Venture through the Santa Ynez Valley until the valley vistas turn into Danish farm-style buildings with bindingsvaerk (half-timbered) walls, roofs of copper and simulated (mostly) thatch, and replica windmills. You will find people donning traditional Danish garb, so be prepared to experience some Danish hospitality.
The 74th annual Danish Days Festival in Solvang last week attracted thousands to be a “Dane for a day.” From September 17-19, Danish history, tradition, and heritage were celebrated, and the most popular attraction embodied all three—the food. What better way to learn about a culture than through its cuisine?
Restaurants, bakeries, and chocolate shops attracted the most attention as lines of hungry patrons spilled out into the streets. Popular eateries include The Red Viking and the Bit o’ Denmark Restaurant for smorgasbords all around. The latter is the site of the original folk school established by the Danish educators who founded the village of Solvang in 1911.
Authentic bakeries run by mostly third- and fourth- generation Danes offered pastries, cakes, cookies, tarts, and breads—even take-home versions to bake later.
A taste of Denmark came in the form of frikadeller (meatballs), rodkaal (red cabbage), aebleskivers (tennis ball-shaped pancakes), and medisterpolse (sausage). Carlsberg, an imported Danish beer, was featured in restaurants and the beer garden.

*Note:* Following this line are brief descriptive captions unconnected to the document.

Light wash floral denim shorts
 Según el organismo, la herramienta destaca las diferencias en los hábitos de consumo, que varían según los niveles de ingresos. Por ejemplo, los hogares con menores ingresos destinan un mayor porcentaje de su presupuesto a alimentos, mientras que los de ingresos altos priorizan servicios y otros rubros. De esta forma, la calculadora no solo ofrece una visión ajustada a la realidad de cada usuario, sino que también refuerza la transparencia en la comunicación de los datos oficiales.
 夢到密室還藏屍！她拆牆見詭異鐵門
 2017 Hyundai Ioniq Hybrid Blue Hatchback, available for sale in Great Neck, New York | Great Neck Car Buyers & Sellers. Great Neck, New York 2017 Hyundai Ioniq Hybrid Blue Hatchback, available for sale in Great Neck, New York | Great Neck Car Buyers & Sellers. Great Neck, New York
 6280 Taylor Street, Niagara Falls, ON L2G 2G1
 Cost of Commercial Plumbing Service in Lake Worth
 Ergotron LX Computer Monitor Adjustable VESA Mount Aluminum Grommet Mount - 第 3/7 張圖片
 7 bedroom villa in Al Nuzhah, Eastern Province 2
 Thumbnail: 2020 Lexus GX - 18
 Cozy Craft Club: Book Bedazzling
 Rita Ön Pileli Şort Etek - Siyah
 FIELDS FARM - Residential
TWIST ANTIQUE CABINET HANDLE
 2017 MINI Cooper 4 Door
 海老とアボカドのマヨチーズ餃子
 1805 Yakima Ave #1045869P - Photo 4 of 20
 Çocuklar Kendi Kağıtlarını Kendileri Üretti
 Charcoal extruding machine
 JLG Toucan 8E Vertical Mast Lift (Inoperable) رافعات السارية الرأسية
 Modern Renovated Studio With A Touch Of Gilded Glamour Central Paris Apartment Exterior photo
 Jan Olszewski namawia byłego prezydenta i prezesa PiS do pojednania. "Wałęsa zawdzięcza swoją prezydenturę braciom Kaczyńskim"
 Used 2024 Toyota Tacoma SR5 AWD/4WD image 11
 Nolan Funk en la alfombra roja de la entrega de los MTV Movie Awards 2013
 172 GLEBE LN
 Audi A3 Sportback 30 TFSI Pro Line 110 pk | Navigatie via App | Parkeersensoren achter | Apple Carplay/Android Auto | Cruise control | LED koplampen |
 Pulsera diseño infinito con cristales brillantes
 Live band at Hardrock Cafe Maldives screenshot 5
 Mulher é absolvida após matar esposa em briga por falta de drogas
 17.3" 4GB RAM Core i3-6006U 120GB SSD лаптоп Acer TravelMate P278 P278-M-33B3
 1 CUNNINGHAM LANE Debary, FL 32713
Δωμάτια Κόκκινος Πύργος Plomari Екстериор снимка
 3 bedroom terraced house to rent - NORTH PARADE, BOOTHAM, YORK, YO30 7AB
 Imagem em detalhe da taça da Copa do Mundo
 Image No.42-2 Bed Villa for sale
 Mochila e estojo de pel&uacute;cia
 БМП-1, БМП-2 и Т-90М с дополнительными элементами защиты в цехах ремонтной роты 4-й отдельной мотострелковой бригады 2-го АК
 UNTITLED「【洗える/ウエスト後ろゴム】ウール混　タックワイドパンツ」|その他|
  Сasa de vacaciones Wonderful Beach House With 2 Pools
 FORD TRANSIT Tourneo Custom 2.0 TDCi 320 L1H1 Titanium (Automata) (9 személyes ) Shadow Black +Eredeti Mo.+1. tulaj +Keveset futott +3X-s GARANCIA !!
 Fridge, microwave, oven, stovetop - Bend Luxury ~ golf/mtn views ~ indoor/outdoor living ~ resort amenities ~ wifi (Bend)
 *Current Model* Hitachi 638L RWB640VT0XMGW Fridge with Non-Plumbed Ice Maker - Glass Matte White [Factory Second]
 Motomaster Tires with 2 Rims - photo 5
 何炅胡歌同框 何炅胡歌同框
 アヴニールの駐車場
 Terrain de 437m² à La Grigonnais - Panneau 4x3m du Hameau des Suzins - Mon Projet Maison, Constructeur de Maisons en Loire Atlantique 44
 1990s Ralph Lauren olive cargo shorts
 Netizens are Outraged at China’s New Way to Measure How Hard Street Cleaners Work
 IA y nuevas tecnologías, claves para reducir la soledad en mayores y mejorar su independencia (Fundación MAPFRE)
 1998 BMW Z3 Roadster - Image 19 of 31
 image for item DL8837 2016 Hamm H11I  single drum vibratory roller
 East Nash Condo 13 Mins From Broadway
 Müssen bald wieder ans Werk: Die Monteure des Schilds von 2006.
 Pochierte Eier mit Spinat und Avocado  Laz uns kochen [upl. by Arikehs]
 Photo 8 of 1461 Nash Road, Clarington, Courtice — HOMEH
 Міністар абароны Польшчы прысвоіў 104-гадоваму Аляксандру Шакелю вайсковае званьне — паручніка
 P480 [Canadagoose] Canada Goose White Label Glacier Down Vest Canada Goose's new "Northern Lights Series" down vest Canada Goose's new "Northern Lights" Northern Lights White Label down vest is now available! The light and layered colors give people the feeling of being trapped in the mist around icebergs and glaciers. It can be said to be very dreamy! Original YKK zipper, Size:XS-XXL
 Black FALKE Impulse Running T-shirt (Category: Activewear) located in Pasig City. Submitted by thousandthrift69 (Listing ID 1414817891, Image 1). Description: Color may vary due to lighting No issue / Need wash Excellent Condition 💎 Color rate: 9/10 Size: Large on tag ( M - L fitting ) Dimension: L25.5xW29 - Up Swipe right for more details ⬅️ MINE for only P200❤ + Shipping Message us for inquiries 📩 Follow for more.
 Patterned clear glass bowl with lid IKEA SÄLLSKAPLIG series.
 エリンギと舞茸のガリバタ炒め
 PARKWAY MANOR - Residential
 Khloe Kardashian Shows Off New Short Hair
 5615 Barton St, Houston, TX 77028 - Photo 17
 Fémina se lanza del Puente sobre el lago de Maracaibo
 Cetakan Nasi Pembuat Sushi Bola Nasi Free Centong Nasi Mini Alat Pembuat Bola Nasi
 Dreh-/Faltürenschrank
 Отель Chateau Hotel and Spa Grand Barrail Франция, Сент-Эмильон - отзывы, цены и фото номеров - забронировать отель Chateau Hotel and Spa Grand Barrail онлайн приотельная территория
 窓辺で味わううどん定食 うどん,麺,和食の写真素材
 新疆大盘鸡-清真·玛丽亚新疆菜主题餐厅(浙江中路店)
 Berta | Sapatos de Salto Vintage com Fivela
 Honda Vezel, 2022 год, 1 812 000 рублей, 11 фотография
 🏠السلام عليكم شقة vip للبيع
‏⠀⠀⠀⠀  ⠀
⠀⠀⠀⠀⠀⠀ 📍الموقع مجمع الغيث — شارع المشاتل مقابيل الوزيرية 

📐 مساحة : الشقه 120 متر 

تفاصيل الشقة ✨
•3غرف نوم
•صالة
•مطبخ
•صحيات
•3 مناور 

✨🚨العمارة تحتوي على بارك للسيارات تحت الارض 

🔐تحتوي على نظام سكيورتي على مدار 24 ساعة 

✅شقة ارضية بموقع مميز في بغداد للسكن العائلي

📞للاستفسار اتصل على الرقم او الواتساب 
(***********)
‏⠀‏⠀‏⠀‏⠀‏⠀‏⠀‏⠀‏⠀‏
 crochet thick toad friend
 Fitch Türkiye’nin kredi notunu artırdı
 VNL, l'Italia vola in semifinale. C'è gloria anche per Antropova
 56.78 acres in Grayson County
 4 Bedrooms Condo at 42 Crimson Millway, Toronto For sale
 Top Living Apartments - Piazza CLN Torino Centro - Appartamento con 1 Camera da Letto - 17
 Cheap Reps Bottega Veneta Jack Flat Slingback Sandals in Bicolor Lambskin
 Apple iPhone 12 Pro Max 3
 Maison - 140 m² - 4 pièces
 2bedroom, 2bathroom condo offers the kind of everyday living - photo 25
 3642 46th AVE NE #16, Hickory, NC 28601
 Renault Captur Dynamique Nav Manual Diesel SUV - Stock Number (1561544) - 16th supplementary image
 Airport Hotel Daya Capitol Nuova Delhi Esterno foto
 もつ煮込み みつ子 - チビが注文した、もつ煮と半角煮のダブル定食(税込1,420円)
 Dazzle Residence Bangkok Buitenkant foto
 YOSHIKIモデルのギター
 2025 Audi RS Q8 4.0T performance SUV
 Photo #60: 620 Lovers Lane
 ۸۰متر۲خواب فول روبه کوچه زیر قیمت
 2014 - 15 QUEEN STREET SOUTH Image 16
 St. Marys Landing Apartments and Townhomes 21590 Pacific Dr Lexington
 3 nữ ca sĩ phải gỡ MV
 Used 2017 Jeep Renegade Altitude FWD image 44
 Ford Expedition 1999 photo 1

Aebleskivers and medisterpols drew the most attention at the traditional Danish Days Breakfast, the Aebleskiver Eating Contest, and local restaurants. According to one frankly fictional local legend, aebleskivers originated when a band of hungry Vikings returned to their ship with a craving for pancakes. Lacking a frying pan, they greased their shields, poured batter in them, and put them over the fire.
On a more studious note, the Living History Festival at Solvang Park featured hosts dressed in handmade Danish costumes while demonstrating old-world arts and crafts. The Ravens of Odin, a historical reenactment group whose encampments were present in Solvang Park, played out the carefully researched and choreographed Holgang, or duel of honor, between Halfdan the Berserk and Hakon. They also demonstrated and educated attendees on weapons, techniques, armor, shields, tools and helmets—and even had chain mail armor fittings!
Solvang locals, frequent visitors, and first-timers alike took in the rich history at the Elverhoj (pronounced el-ver-hoy) Museum and Hans Christian Andersen Museum, the latter filled with originals and copies of Andersen’s books. Randel McGee performed storytelling in the persona of Anderson, the “father of the fairy tale,” who wrote such classics as, “The Ugly Duckling,” “Thumbelina,” and “The Emperor’s New Clothes”.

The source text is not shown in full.